Títulos públicos: é melhor comprar no Tesouro Direto ou na mesa de bancos e corretoras?
Os ativos vendidos pelas corretoras custam mais caro e, portanto, têm rentabilidade menor do que os oferecidos no Tesouro Direto. Em contrapartida, nas corretoras e bancos não há a cobrança da taxa de custódia da B3
Quando o assunto é investimento em títulos públicos, a maioria dos brasileiros conhece o Tesouro Direto, a plataforma administrada pelo governo federal onde é possível comprar papéis como o Tesouro Selic, o Tesouro IPCA, o Tesouro Prefixado e modalidades mais recentes, como o Renda+ e o Educa+. Mas algumas corretoras e bancos também oferecem esses papéis nos aplicativos ou por telefone, no chamado “mercado secundário” – fora do Tesouro Direto.
Pode ser interessante recorrer a essas aplicações quando o prazo de vencimento do título casa melhor com o horizonte de investimento da pessoa, dado que a grade disponível na plataforma do Tesouro é limitada.
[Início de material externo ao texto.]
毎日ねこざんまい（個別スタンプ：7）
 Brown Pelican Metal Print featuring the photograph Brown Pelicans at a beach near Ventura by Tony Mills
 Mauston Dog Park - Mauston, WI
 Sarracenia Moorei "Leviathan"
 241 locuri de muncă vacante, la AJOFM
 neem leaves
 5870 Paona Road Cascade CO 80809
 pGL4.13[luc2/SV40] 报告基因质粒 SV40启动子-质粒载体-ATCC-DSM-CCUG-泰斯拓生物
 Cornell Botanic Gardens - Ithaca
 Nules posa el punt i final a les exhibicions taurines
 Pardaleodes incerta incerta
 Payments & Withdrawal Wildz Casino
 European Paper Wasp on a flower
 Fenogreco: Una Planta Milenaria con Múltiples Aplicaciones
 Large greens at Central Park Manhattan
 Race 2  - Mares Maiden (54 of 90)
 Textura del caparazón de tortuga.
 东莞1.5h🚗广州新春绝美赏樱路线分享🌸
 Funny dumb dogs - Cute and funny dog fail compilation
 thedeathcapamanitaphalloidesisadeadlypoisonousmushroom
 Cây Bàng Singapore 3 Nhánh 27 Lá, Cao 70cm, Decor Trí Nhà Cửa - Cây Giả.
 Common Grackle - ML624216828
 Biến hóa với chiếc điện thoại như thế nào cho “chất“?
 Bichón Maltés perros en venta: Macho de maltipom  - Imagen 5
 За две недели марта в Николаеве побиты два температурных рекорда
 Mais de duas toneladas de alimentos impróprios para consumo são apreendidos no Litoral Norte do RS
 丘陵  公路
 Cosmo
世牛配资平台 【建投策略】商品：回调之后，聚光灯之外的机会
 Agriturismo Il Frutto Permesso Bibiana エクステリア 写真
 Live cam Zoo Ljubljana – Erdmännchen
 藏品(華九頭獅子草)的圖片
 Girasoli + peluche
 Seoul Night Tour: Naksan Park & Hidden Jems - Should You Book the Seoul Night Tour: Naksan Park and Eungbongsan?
Mas é preciso ficar atento: em casos extremos, a taxa oferecida no app da corretora ou banco chega a embutir um "spread" ou desconto de até 0,6 ponto percentual ao ano sobre o rendimento “oficial” do título, se fosse para um grande investidor comprando. Essa diferença é um custo invisível (ou um ganho menor) para o pequeno aplicador e, quanto maior o prazo do título, mais esse "detalhe" pesa no resultado final da aplicação.
Segundo exemplos coletados pelo Valor Investe, os títulos vendidos pelas corretoras custam mais caro e, portanto, têm rentabilidade menor do que os oferecidos no Tesouro Direto do mesmo tipo e prazo idêntico. Em contrapartida, existem duas vantagens em comprar via corretoras: não há a cobrança da taxa de custódia da B3 (0,20% ao ano) e existe mais variedade de prazos para o investidor escolher a aplicação mais adequada para o seu objetivo.
O que muda em cada um?
Primeiro, é preciso entender as diferenças entre um formato e outro. A principal delas, na prática, é a custódia (ou seja, quem está guardando aquele título público para você). No Tesouro Direto, quem guarda os papéis é a B3, que cobra uma taxa anual de 0,20% sobre o valor investido. Já nas corretoras, essa custódia fica com a própria instituição, e a grande maioria delas não repassa esse custo ao cliente.
Em contrapartida, as corretoras costumam embutir um “spread” (ou seja, uma diferença entre a taxa de compra e de venda, que é a margem de ganho da instituição) no preço do título, que torna o rendimento um pouco menor do que o oferecido na plataforma oficial do governo.
Segundo Eduardo Siqueira, assessor de investimentos do escritório B3S, a escolha entre comprar pelo Tesouro Direto ou por uma corretora depende, principalmente, do prazo que o investidor pretende manter o título em carteira. Para ele, a regra geral é: quem pretende levar o papel até o vencimento tende a se sair melhor na corretora, já que o investidor não vai pagar a taxa de custódia anual. Mas isso se o spread cobrado pela corretora for menor que o 0,20% cobrado de custódia no Tesouro Direto. Já quem pensa em vender antes do prazo pode valer a pena o Tesouro Direto, que não tem o “spread” na entrada ou na saída, mesmo que a taxa de custódia vá corroendo o rendimento mês a mês ao longo de toda a aplicação.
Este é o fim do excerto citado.